YOUR ASSIGNMENT
Please reproduce the lines of the records below from the one holding "Columns is going" through the one holding "Instead, go into", inclusive, skipping all pictures.

= Beginning of Section =

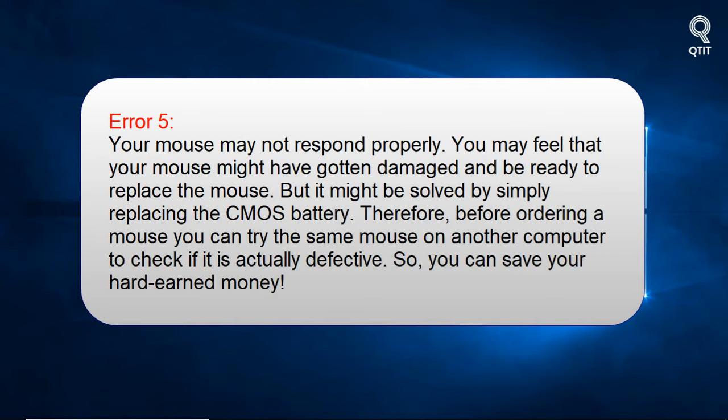Error 5: Your mouse may not respond properly. You may feel that your mouse might have gotten damaged and be ready to replace it. But it might be solved by simply replacing the CMOS battery. Therefore, before ordering a new mouse, try the same mouse on another computer to check if it is actually defective — so you can save your hard earned money.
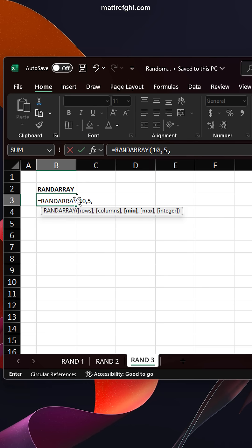Columns is going to be 5. The minimum value, this is the minimum random value, I'm going to say is 1. Maximum random value is going to be 50.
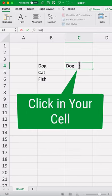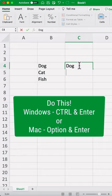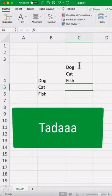Instead, go into your cell, use the Alt or Option key, and then just press Enter to create new lines in the same cell within Excel.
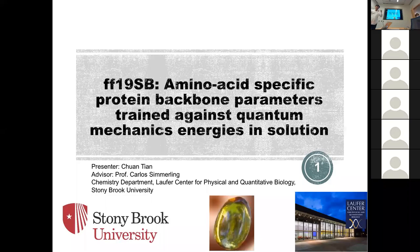He was incredibly important in driving the parameterization of the newest generation of the Amber biopolymer force fields, the FF19SB, and we're super excited to have him visiting. If you have any questions, go ahead and ask during the talk. We end up being very interactive here, both locally and virtually. So without further ado, I'll hand it over to Chuang.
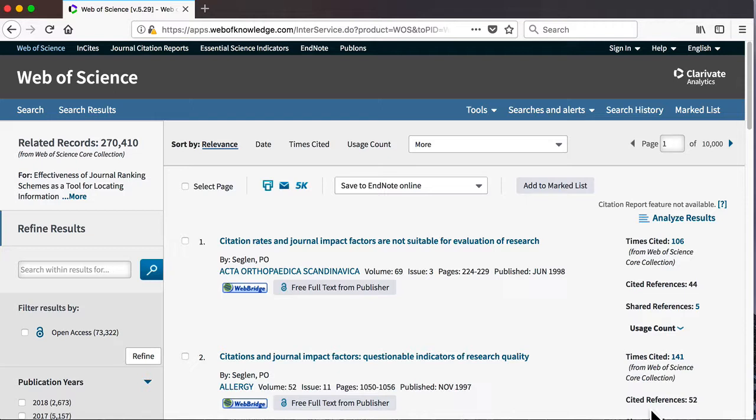We can search within the results, filter by only open access articles, or by subject category.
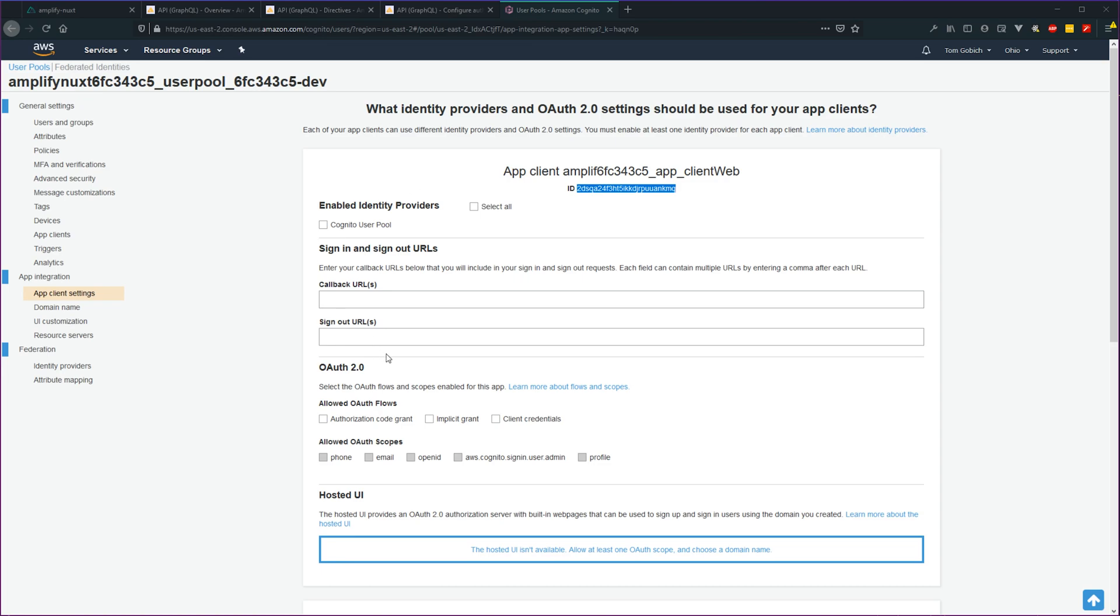All right, so that wraps it up for this lesson. In the next lesson, we'll put our API to work and create some Vuex modules to handle the API communication.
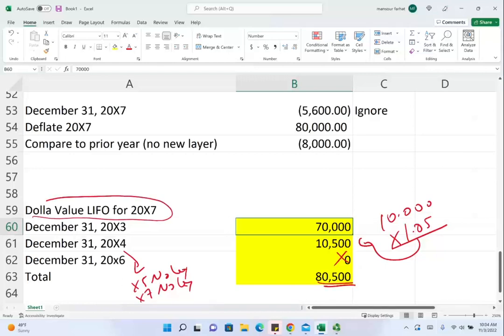I hope this exercise helped you understand changes in inventory and how to compute dollar value LIFO. For additional lectures, multiple choice, and true/false questions, visit Farhat Lectures. Dollar value LIFO is important — don't take any chances. Good luck, study hard, and stay safe.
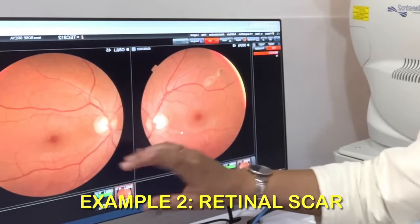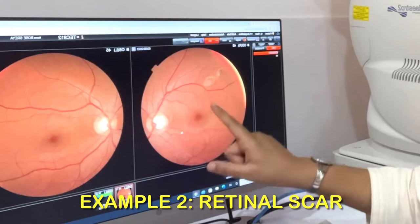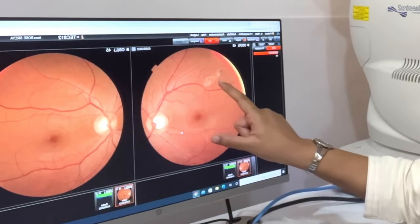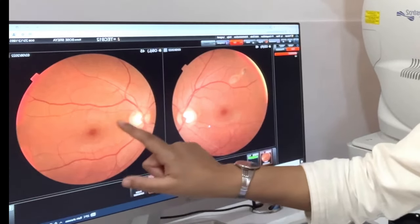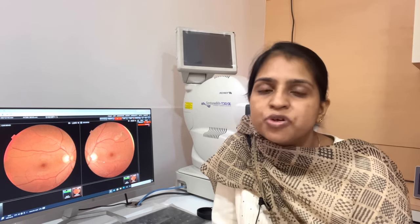Here you can see a scar — this scar is not in this eye. We know that there is a scar from the photo we have taken. So if we don't have any documentation, if we don't have any report, next time we won't remember where the scar was.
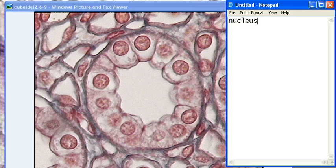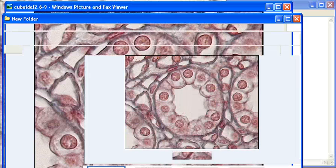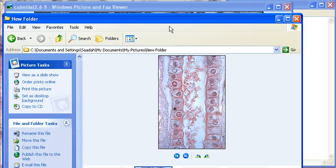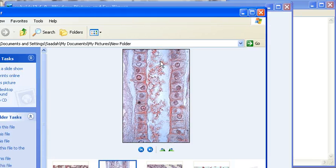Same thing for this one — this is cuboidal 2 and simple cuboidal epithelium. As you can see, the nucleuses are still in the same exact spot, same function, same structure. So don't get confused by these.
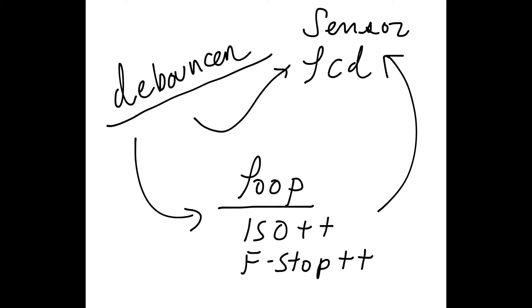My brother helped me build this loop that increments the ISO and f-stops. It basically increments an array of the ISO and f-stops. It's pretty complicated and not totally finished yet, but you can look at it. It works with some buttons, but it's a little clunky right now.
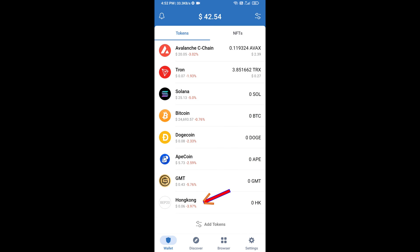This token has been added successfully on Trust Wallet. Thanks for watching.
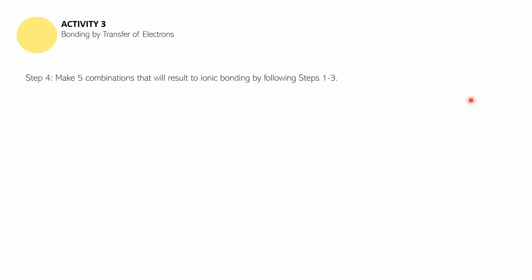For step four, you have to make five combinations that will result in ionic bonding by following steps one through three. Select one metallic and one non-metallic element each time, and make sure the combinations are not repeating. You can pause this video to complete your work. Once you are done, you are ready to answer the following guide questions.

= End of Section =

RESPONSE TO THE EXERCISE
Columns is going to be 5. The minimum value, this is the minimum random value, I'm going to say is 1. Maximum random value is going to be 50.
Instead, go into your cell, use the Alt or Option key, and then just press Enter to create new lines in the same cell within Excel.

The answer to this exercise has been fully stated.